Fix sampling rate issue when aggregating #4024

DradeAW · 2025-07-02T14:13:28Z

Different versions of Kilosort output different sampling rate (sometimes rounding it to 2 decimal places, sometimes not)

This makes a crash when trying to aggregate both sortings together This PR fixes this

Different versions of Kilosort output different sampling rate (sometimes rounding it to 2 decimal places, sometimes not) This makes a crash when trying to aggregate both sortings together This PR fixes this

for more information, see https://pre-commit.ci

DradeAW · 2025-07-02T14:54:06Z

I don't know why the tests fail, it has nothing to do with my changes

zm711 · 2025-07-02T18:25:06Z

updates in probeinterface that I think should be fixed now.

zm711

For me this seems fine. Recordings these days are between 20kHz and 30Khz so we are looking for a tolerance of 0.01 or 30_000.01 which is a fraction of a percent off from each other. @DradeAW you think this is just a float storage issue and why choose 0.01 vs 1e-1 or 1e-3?

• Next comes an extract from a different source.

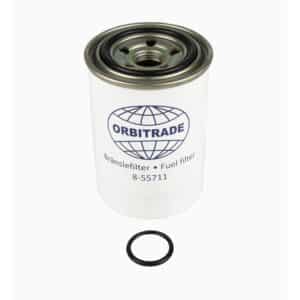 Orbitrade polttoainesuodatin Yanmar 4JH 117-3-55711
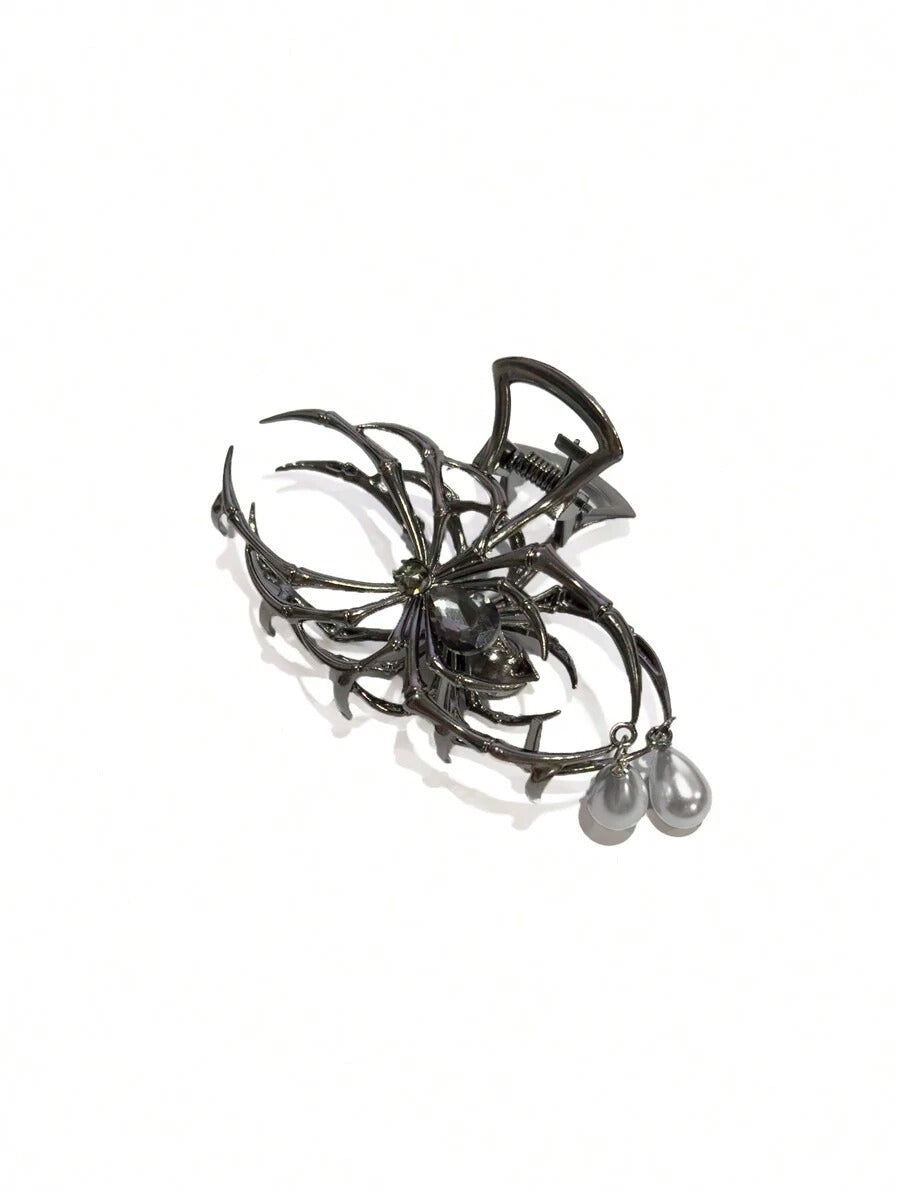 metal hair claw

DradeAW · 2025-07-02T18:51:18Z

Floating point errors can happen, but I'm not talking about that

In my case, I have multiple sortings for a single recording, and because of how some spike sorting algorithms work, the sampling frequency is sometimes rounded and sometimes not, creating a difference

h-mayorquin · 2025-07-02T18:58:58Z

Can we fix these in the output of the sorting algorithms at least here? This would be safer that the proposed solution.

For neuropixels I have seen variations of 0.01 that do add up with long recordings so I don't think that we should omit those differences by default.

zm711 · 2025-07-02T19:00:22Z

Can we fix these in the output of the sorting algorithms at least here? This would be safer that the proposed solution.

But we don't control the algorithms for getting the sorting sampling rate. So you want our wrappers to change them?

h-mayorquin · 2025-07-02T19:08:13Z

Can we fix these in the output of the sorting algorithms at least here? This would be safer that the proposed solution.

But we don't control the algorithms for getting the sorting sampling rate. So you want our wrappers to change them?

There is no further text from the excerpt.